Stored items
━━━━

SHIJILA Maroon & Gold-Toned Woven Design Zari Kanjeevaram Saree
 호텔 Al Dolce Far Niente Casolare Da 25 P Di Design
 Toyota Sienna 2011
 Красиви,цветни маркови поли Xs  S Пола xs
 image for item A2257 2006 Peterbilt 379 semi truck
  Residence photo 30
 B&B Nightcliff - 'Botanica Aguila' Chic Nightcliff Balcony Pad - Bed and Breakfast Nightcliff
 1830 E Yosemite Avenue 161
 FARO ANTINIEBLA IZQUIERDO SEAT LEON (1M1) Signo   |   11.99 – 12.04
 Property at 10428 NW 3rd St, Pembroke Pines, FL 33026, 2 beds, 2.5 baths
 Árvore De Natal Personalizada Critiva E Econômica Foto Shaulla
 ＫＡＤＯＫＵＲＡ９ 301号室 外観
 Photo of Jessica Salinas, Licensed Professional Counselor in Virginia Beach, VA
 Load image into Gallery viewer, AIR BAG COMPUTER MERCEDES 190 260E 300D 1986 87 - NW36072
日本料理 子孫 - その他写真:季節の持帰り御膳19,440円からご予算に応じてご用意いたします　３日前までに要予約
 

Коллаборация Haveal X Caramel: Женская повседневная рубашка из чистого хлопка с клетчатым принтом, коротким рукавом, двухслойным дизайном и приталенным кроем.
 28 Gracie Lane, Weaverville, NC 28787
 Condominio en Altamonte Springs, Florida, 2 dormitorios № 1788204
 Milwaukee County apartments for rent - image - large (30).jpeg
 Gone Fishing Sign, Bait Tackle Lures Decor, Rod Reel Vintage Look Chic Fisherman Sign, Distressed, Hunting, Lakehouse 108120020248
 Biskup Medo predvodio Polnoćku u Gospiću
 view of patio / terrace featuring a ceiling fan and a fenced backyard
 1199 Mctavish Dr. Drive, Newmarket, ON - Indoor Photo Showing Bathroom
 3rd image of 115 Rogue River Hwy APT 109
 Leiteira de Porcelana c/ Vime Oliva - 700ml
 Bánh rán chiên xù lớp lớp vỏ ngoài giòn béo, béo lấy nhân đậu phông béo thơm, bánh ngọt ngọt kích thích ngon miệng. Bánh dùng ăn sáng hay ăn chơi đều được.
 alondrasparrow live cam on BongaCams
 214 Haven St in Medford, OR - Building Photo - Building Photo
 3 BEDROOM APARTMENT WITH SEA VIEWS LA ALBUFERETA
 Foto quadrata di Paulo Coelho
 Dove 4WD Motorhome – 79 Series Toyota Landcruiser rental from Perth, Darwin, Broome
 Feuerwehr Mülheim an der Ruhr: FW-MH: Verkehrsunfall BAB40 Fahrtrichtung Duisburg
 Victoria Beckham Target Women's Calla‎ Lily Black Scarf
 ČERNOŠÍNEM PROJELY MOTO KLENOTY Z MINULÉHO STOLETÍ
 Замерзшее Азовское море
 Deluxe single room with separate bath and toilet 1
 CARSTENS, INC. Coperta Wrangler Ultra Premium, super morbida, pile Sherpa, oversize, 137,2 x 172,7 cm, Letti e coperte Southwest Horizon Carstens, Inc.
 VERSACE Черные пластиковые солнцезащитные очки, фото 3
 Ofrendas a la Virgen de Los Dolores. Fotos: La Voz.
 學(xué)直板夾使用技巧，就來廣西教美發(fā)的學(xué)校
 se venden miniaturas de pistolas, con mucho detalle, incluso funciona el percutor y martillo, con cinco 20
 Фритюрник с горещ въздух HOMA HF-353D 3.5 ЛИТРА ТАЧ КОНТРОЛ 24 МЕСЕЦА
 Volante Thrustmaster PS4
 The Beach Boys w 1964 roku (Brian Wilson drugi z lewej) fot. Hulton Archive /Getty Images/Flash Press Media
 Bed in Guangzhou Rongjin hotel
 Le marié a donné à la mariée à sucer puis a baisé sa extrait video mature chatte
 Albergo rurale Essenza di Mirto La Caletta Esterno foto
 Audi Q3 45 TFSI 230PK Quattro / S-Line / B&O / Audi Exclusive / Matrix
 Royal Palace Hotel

━━━━

* **Work required**: Your task is to copy all of the entries exactly.

* **Task output**:
SHIJILA Maroon & Gold-Toned Woven Design Zari Kanjeevaram Saree
 호텔 Al Dolce Far Niente Casolare Da 25 P Di Design
 Toyota Sienna 2011
 Красиви,цветни маркови поли Xs  S Пола xs
 image for item A2257 2006 Peterbilt 379 semi truck
  Residence photo 30
 B&B Nightcliff - 'Botanica Aguila' Chic Nightcliff Balcony Pad - Bed and Breakfast Nightcliff
 1830 E Yosemite Avenue 161
 FARO ANTINIEBLA IZQUIERDO SEAT LEON (1M1) Signo   |   11.99 – 12.04
 Property at 10428 NW 3rd St, Pembroke Pines, FL 33026, 2 beds, 2.5 baths
 Árvore De Natal Personalizada Critiva E Econômica Foto Shaulla
 ＫＡＤＯＫＵＲＡ９ 301号室 外観
 Photo of Jessica Salinas, Licensed Professional Counselor in Virginia Beach, VA
 Load image into Gallery viewer, AIR BAG COMPUTER MERCEDES 190 260E 300D 1986 87 - NW36072
日本料理 子孫 - その他写真:季節の持帰り御膳19,440円からご予算に応じてご用意いたします　３日前までに要予約
 

Коллаборация Haveal X Caramel: Женская повседневная рубашка из чистого хлопка с клетчатым принтом, коротким рукавом, двухслойным дизайном и приталенным кроем.
 28 Gracie Lane, Weaverville, NC 28787
 Condominio en Altamonte Springs, Florida, 2 dormitorios № 1788204
 Milwaukee County apartments for rent - image - large (30).jpeg
 Gone Fishing Sign, Bait Tackle Lures Decor, Rod Reel Vintage Look Chic Fisherman Sign, Distressed, Hunting, Lakehouse 108120020248
 Biskup Medo predvodio Polnoćku u Gospiću
 view of patio / terrace featuring a ceiling fan and a fenced backyard
 1199 Mctavish Dr. Drive, Newmarket, ON - Indoor Photo Showing Bathroom
 3rd image of 115 Rogue River Hwy APT 109
 Leiteira de Porcelana c/ Vime Oliva - 700ml
 Bánh rán chiên xù lớp lớp vỏ ngoài giòn béo, béo lấy nhân đậu phông béo thơm, bánh ngọt ngọt kích thích ngon miệng. Bánh dùng ăn sáng hay ăn chơi đều được.
 alondrasparrow live cam on BongaCams
 214 Haven St in Medford, OR - Building Photo - Building Photo
 3 BEDROOM APARTMENT WITH SEA VIEWS LA ALBUFERETA
 Foto quadrata di Paulo Coelho
 Dove 4WD Motorhome – 79 Series Toyota Landcruiser rental from Perth, Darwin, Broome
 Feuerwehr Mülheim an der Ruhr: FW-MH: Verkehrsunfall BAB40 Fahrtrichtung Duisburg
 Victoria Beckham Target Women's Calla‎ Lily Black Scarf
 ČERNOŠÍNEM PROJELY MOTO KLENOTY Z MINULÉHO STOLETÍ
 Замерзшее Азовское море
 Deluxe single room with separate bath and toilet 1
 CARSTENS, INC. Coperta Wrangler Ultra Premium, super morbida, pile Sherpa, oversize, 137,2 x 172,7 cm, Letti e coperte Southwest Horizon Carstens, Inc.
 VERSACE Черные пластиковые солнцезащитные очки, фото 3
 Ofrendas a la Virgen de Los Dolores. Fotos: La Voz.
 學(xué)直板夾使用技巧，就來廣西教美發(fā)的學(xué)校
 se venden miniaturas de pistolas, con mucho detalle, incluso funciona el percutor y martillo, con cinco 20
 Фритюрник с горещ въздух HOMA HF-353D 3.5 ЛИТРА ТАЧ КОНТРОЛ 24 МЕСЕЦА
 Volante Thrustmaster PS4
 The Beach Boys w 1964 roku (Brian Wilson drugi z lewej) fot. Hulton Archive /Getty Images/Flash Press Media
 Bed in Guangzhou Rongjin hotel
 Le marié a donné à la mariée à sucer puis a baisé sa extrait video mature chatte
 Albergo rurale Essenza di Mirto La Caletta Esterno foto
 Audi Q3 45 TFSI 230PK Quattro / S-Line / B&O / Audi Exclusive / Matrix
 Royal Palace Hotel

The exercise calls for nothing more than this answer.